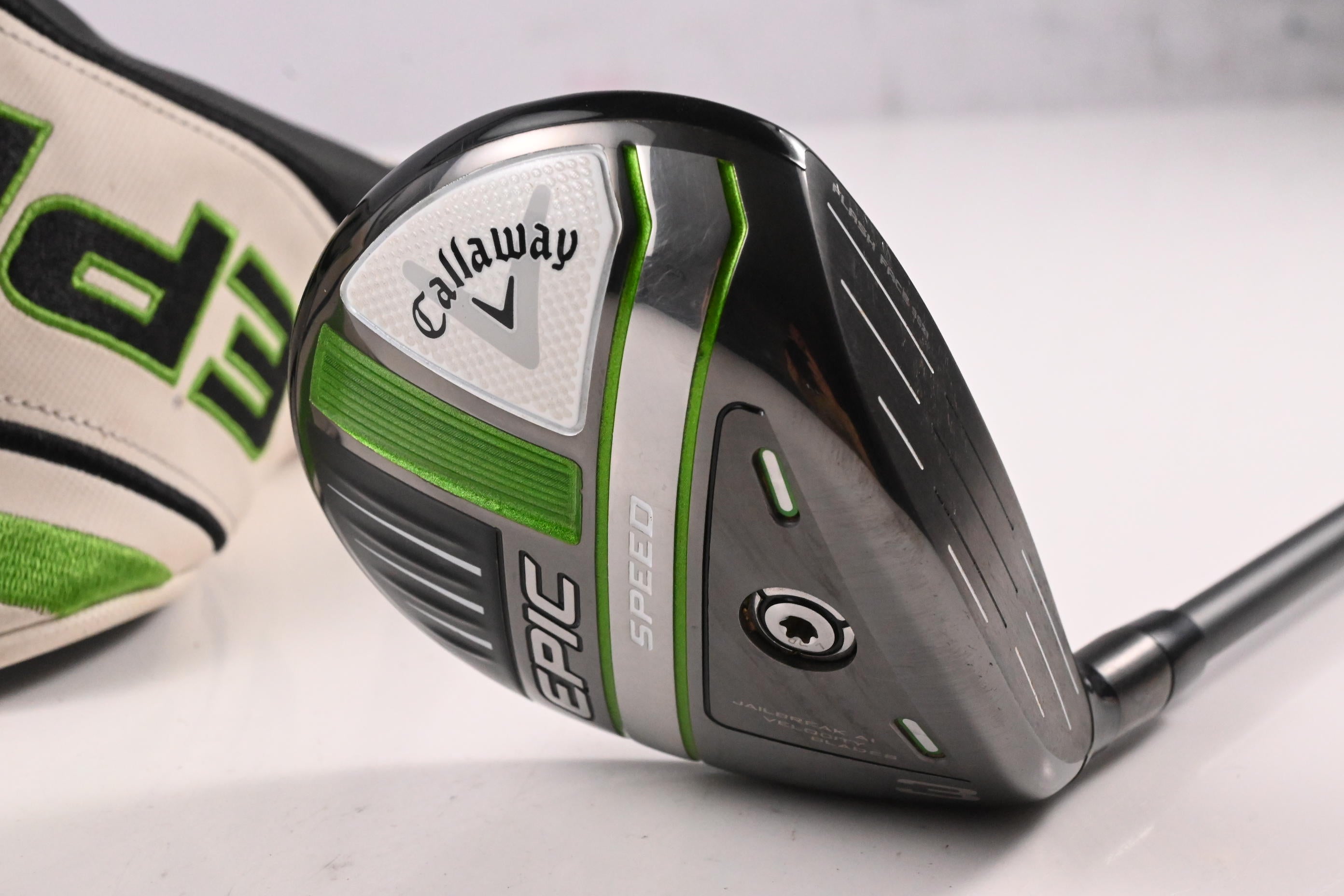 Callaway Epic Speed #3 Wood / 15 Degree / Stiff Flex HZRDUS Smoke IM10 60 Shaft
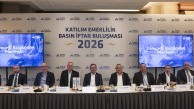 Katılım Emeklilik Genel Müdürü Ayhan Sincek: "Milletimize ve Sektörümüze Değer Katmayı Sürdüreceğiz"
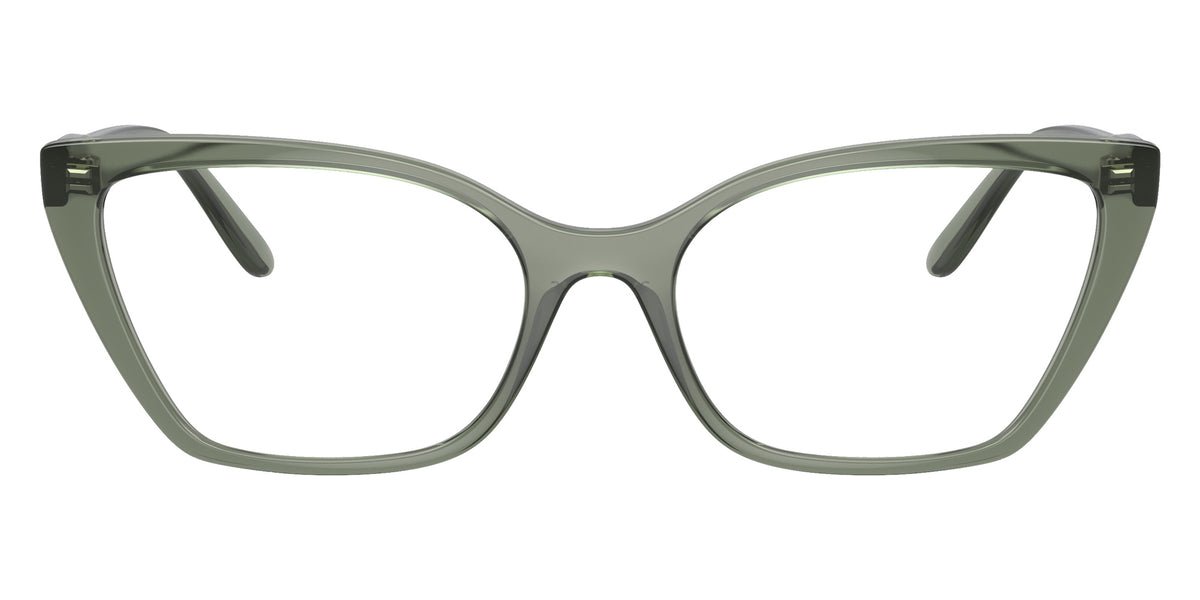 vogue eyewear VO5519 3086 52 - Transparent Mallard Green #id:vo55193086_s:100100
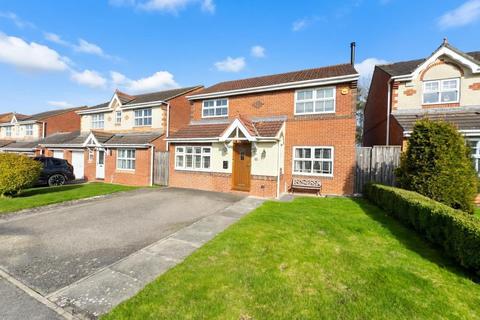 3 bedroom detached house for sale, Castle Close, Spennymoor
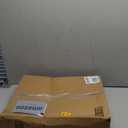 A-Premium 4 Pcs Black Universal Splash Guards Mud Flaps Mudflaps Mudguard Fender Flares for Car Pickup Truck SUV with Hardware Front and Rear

++++++++++

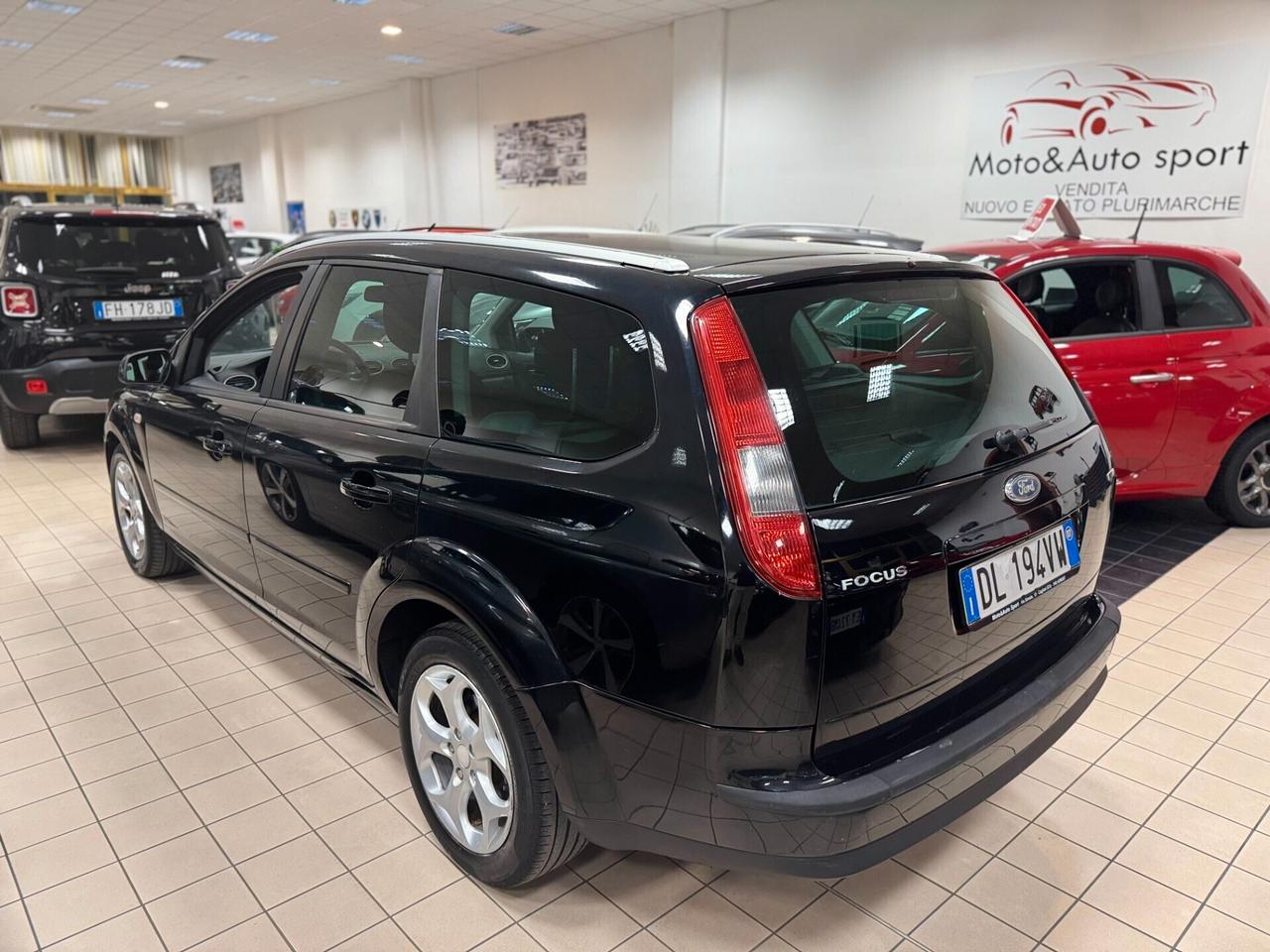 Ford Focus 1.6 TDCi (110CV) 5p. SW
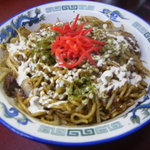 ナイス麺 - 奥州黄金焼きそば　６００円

++++++++++

> **Required action**:
Pictures do not belong in the answer. Return the lines above starting at the one with "vogue eyewear VO5519" and ending at the one with "A-Premium 4 Pcs", both kept, exactly.

> **Exercise output**:
 vogue eyewear VO5519 3086 52 - Transparent Mallard Green #id:vo55193086_s:100100
 3 bedroom detached house for sale, Castle Close, Spennymoor
 A-Premium 4 Pcs Black Universal Splash Guards Mud Flaps Mudflaps Mudguard Fender Flares for Car Pickup Truck SUV with Hardware Front and Rear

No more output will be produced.